Regarding the content of your written application, I would recommend that you both acknowledge your lack of clinical experience with children and families and highlight other relevant experience. For example, you might have done child care, teaching, camp counseling, or volunteer work. In your cover letter, explain how the work you did gave you valuable knowledge about the challenges faced by children and families and how you want to expand that knowledge by working clinically. You would be wise to take on a volunteer commitment now, even if only 5-10 hours per week, that would demonstrate your commitment to improving your skills. Also consider applying to agencies that see individual adult clients as well as children and families, so that your prior experience will be more relevant to the agency population.

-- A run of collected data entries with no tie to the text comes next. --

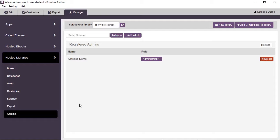An administrator permission is someone who can do everything that you do as the owner of the library. They can change the settings, export the library to different formats, change the customization, the layout, the colors and so on.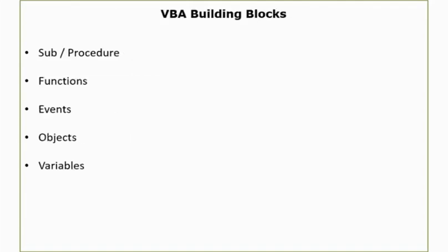Now I'll talk about the building blocks of VBA and in my view VBA is a very simple language. All you need to know is how these things come together to make this language and you need to know the syntax.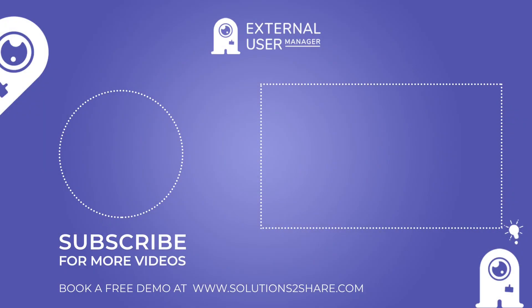To learn more about how the external user manager can streamline your organization's external collaboration, visit our website and book a free demo.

If you are successful in step one, you will be invited to interview with one or more staff members. Think about the interview process at your prior placements, and be prepared to answer typical questions about your interest in the agency, your preferred theoretical orientation, your self-assessment of strengths and challenges, and your future career goals. It is also wise to prepare a short case vignette that illustrates a challenging situation that you managed successfully.

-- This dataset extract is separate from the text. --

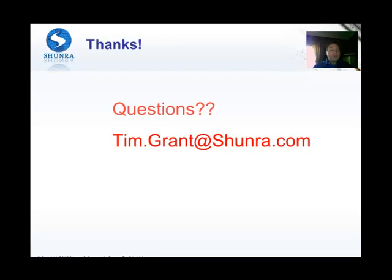That's it for the endpoints tutorial. I hope you found it useful. If you have any questions or suggestions, please contact me at tim.grant at shundra.com.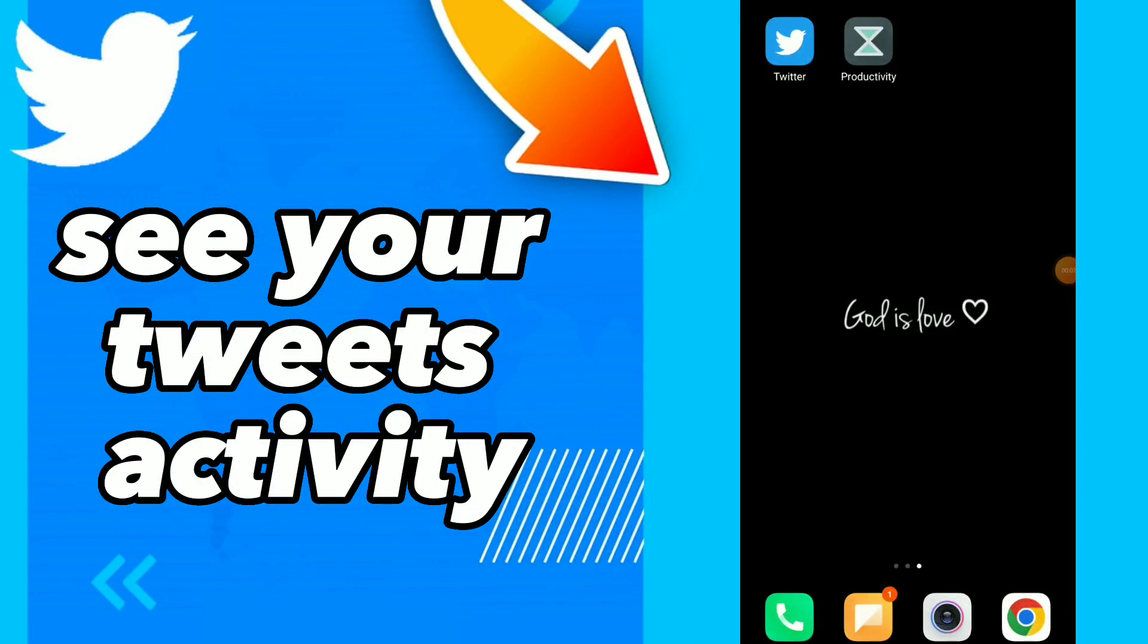How to see tweet activity. Hi guys, in this video I will show you how to see your tweet activity.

Plan your answers to interview questions about your lack of child and family experience carefully. In addition to the suggestions above which apply to an interview as well as a cover letter, consider ways in which your clinical experience with adults will transfer to child and family work. For example, you may have worked with parents and developed empathy for the difficulty of raising children when living with a history of trauma and psychosocial stress, you may have had worked with young adults facing many of the developmental issues of adolescence, or you may become aware of the impact of family relationships in your contact with the family members of adult clients living with serious mental illness. Also highlight the skills you have acquired that will transfer to child and family work such as diagnosis and assessment, case formulation, treatment planning, or the use of trauma or substance abuse treatment models. Be realistic in acknowledging how much you have to learn while describing the knowledge and skill you have attained thus far.
After your interview, solicit feedback from the interviewers if you aren’t accepted into the agency training program. Ask if they have suggestions on how you could improve your presentation or performance in the interview. This might give you valuable information about how to be a more competitive candidate for future positions.